Part of an elite development program, Nazar is among the best coming out of the USNTDP.

Rena Laverty / USA Hockey’s NTDP

In recent seasons, the United States National Team Development Program (USNTDP) has rocketed to the top of the list in terms of draft picks and the stars it’s producing. The 2022 crop is no exception as the incoming class boasts a mountain of first-round-calibre talent.

Among those names is Frank Nazar, a centre who is headed to the University of Michigan in the fall. He more than held his own to establish himself on a USNTDP U18 team that also featured Logan Cooley, Rutger McGroarty, and Isaac Howard, all of whom will likely go during the draft’s first day.

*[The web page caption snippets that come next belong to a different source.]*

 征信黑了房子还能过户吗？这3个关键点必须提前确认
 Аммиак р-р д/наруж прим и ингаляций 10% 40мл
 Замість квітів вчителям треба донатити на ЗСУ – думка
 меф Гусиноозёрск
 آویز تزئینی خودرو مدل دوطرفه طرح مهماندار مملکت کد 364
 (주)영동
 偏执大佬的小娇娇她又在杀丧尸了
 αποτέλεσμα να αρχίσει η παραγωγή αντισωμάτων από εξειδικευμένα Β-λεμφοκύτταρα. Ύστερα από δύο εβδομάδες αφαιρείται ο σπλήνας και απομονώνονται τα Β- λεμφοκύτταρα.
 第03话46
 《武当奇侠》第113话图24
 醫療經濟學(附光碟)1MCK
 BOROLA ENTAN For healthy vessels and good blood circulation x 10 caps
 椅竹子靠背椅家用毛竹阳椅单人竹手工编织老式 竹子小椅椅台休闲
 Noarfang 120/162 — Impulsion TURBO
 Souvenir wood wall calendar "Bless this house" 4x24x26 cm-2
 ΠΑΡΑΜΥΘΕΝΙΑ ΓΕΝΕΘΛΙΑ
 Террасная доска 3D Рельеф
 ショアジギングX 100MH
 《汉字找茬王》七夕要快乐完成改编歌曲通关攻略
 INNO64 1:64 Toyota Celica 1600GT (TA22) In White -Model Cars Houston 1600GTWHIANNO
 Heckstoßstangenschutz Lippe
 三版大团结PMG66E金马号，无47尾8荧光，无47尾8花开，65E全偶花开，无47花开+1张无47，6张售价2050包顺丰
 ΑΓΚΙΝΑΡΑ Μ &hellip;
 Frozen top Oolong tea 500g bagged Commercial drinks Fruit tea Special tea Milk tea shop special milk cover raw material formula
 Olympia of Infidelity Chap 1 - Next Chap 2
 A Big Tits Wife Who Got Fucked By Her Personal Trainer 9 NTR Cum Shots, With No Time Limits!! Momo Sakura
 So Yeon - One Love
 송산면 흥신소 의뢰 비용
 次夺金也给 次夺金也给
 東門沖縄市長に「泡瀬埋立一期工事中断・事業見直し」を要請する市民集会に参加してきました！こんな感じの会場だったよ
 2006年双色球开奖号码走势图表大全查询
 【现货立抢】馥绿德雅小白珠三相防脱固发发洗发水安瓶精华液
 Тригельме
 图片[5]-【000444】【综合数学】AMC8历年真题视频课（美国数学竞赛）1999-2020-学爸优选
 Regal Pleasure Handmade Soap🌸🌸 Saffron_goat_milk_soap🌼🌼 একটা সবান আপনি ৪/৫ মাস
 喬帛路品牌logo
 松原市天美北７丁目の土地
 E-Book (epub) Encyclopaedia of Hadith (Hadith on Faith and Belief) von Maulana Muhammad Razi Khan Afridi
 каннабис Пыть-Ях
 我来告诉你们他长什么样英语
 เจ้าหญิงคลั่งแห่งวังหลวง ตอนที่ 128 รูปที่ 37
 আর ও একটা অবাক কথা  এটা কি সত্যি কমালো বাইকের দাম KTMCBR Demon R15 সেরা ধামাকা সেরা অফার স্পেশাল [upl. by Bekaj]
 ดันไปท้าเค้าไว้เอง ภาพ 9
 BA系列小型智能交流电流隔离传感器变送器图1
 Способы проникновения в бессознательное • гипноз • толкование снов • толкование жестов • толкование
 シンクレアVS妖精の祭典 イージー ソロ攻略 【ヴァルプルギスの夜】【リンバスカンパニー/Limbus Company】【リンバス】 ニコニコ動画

An excellent skater, Nazar represents a real dual threat with the puck on his stick, and is likely to make any team very happy when he reaches the NHL.

Date of Birth: January 14, 2004
Hometown: Mt. Clemens, Michigan
Shoots: Right
Position: Centre
Height: 5’10”
Weight: 174 lbs
Team: University of Michigan

No matter the level of play, Nazar has produced at or above a point-per-game pace in the U.S. program, and it’s hard to see that slowing down as he takes another step up into the NCAA for the Michigan Wolverines. Despite a tough season that saw many of their star players depart for the NHL, the Wolverines are reloading in a big way with him joining McGroarty, Adam Fantilli, and Seamus Casey for next year.

Elite Prospects

What allows Nazar to become such a dominant scoring threat at every level he’s been at? It all starts with his skating, as he has elite edge-work and top speed that allow him to be a dangerous threat in transition. While not the fastest skater in the draft, he has the ability to exploit any hesitation from defenders and attack through the neutral zone.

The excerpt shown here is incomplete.